El 80 % del profesorado ha recibido alguna agresión verbal o física por parte del alumnado o familias, decían recientemente ciertos sindicatos. ¿Qué tipo de agresión? ¿En qué contexto? ¿Hace cuánto tiempo? ¿Por qué los mismos que afirman que «educar» se hace en casa, contraviniendo con ello todos los requerimientos legales que se derivan de nuestra práctica profesional, sostienen que no tenemos herramientas para encauzar la violencia cuando tenemos valiosos planes de convivencia y, al mismo tiempo, reniegan de los equipos de orientación y prácticas como la cotutoría? ¿Qué interés hay en pintar una escuela donde, vista desde afuera, es poco menos que un caos violento e incontrolable?
Pintar una escuela pública donde sus alumnos fracasan a diario, donde el profesorado se encuentra acorralado entre la inspección y un alumnado agresivo solo provoca el pánico entre las familias y hace que, preocupadas por el bienestar de sus hijos e hijas, busquen otra alternativa en la privada. Las que puedan permitírselo, por supuesto, rompiendo con ello toda esperanza de una escuela en la que la diversidad se contemple como una oportunidad y no como un problema.
Necesitamos aumentar el gasto en educación, garantizar la estabilidad de las plantillas, disminuir la interinidad, mejorar las ratios, elevar la autonomía de los centros y la participación efectiva
Estamos convencidos de que la escuela es otra cosa. Mejorable, por supuesto, pero un reflejo de lo que vivimos en el día a día en nuestra sociedad. Y los retos a los que se enfrenta la comunidad educativa distan mucho de ser lo que se quieren dibujar con estas respuestas contundentes que buscan alarmar y que siempre ponen el foco en todo aquello que rompa mínimamente con el modelo educativo tradicional, aunque las propuestas siquiera sean tímidos esbozos. Estos retos pasan precisamente por hacerla más inclusiva, más cómoda para miles de niños y niñas que han sufrido durante años un modelo que les dejaba fuera. Y para ello, necesitamos aumentar el gasto en educación, garantizar la estabilidad de las plantillas, disminuir la interinidad, mejorar las ratios profesor-alumno, elevar la autonomía de los centros y la participación efectiva de toda la comunidad educativa, estrechar lazos de convivencia entre sus miembros, aumentar los espacios de coordinación entre el profesorado, incentivar la formación continua, garantizar el acceso a todo el alumnado eliminando las barreras a las que se enfrentan diariamente…
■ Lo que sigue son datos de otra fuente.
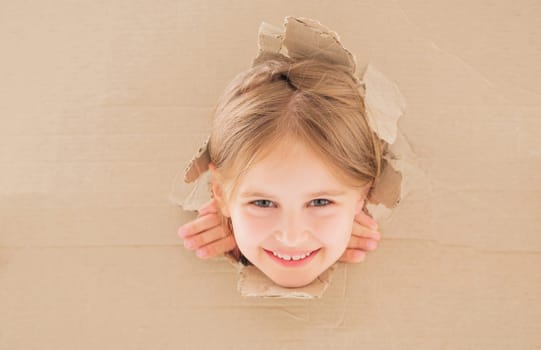 Smiling little girl peeping from hole in cardboard box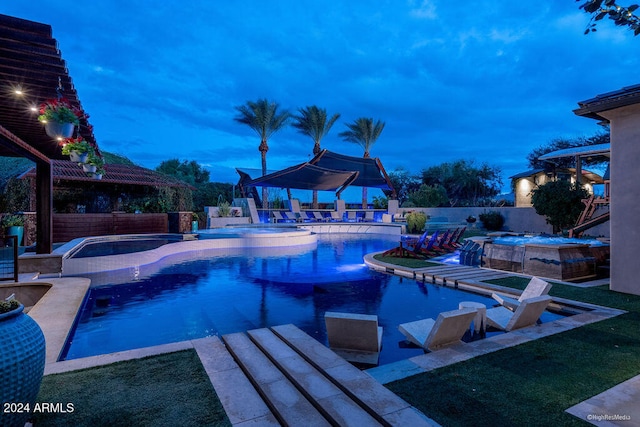 pool at dusk featuring a patio area, an in ground hot tub, and a lawn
Estos y otros muchos son los verdaderos retos. Quizás sea necesario politizarlos, o lo que es lo mismo, canalizarlos políticamente para que realmente tengan un efecto real y positivo en la comunidad educativa y así evitemos que otros traten de aprovecharse del malestar que provocan con ideas reaccionarias y que poco tienen que ver con la mejora de la calidad de la educación.
Por último, a cualquier ciudadano que un día eligió la escuela pública para trabajar y/o para educar a su descendencia, que ha presenciado y compartido la lucha de muchas familias por hacer de esta un lugar abierto a todo el mundo, es inevitable que le duela profundamente ver estas afirmaciones infundadas o exageradas, avaladas por un sector conservador que solo busca el expolio de lo público en favor de lo privado. El vaciado de lo público para desviar recursos en sus espacios homogéneos, alejados del mundanal ruido, de las interrupciones constantes de la vida y de quienes habitan en ella y aprenden día a día a cohabitar estos espacios complejos, pero ricos en diversidad, convencidos de que son la esperanza de un futuro más humano y menos patológicamente competitivo.